Qu’est-ce que la typographie ?

Savant mélange technique et artistique, la typographie est tout d’abord liée à l’imprimerie et aux différents procédés d’impression. Tiré du grec ancien tupos, qui signifie « marque » ou « empreinte », ce mot désigne également la police, les caractères, le lettrage ou la disposition des images et du texte sur une page.

Technique d’impression ou disposition esthétique, la typographie est désormais érigée au rang d’art graphique par les publicitaires et autres professionnels de la communication.

Typographie : définition

Si le mot typographie était, à l’origine, employé pour désigner l’impression typographique, « le procédé grâce auquel des caractères sont reproduits », la définition s’est transformée par métonymie.

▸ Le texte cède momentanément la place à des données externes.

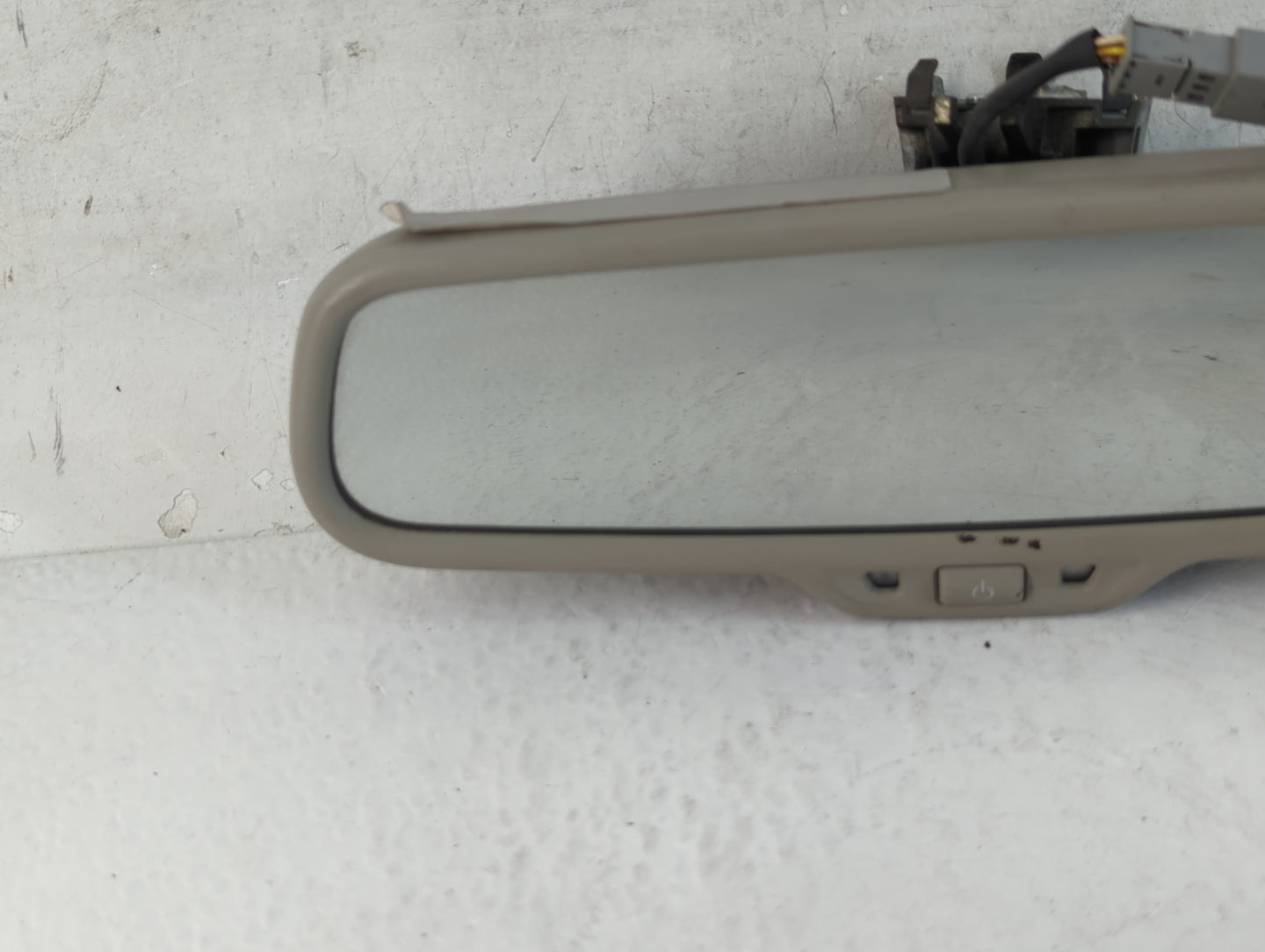 2007-2015 Audi Q7 Interior Rear View Mirror Replacement OEM P/N:905-1967 Fits Fits 2007 2008 2009 2010 2011 2012 2013 2014 2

Le sens d’autrefois s’est, en effet, élargi pour donner au mot une définition qui reflète une réalité plus moderne. Aujourd’hui, la typographie fait référence de manière plus générale au dessin des caractères (police d’écriture) ou à la disposition des différents éléments (caractères, paragraphes et images) d’un support visuel (affiche, site web, etc.).

S’il semble anachronique de considérer la calligraphie ou l’enluminure comme une forme de typographie, la dimension artistique de ces deux techniques en fait pourtant les premiers artifices typographiques manuscrits de l’histoire de l’édition occidentale.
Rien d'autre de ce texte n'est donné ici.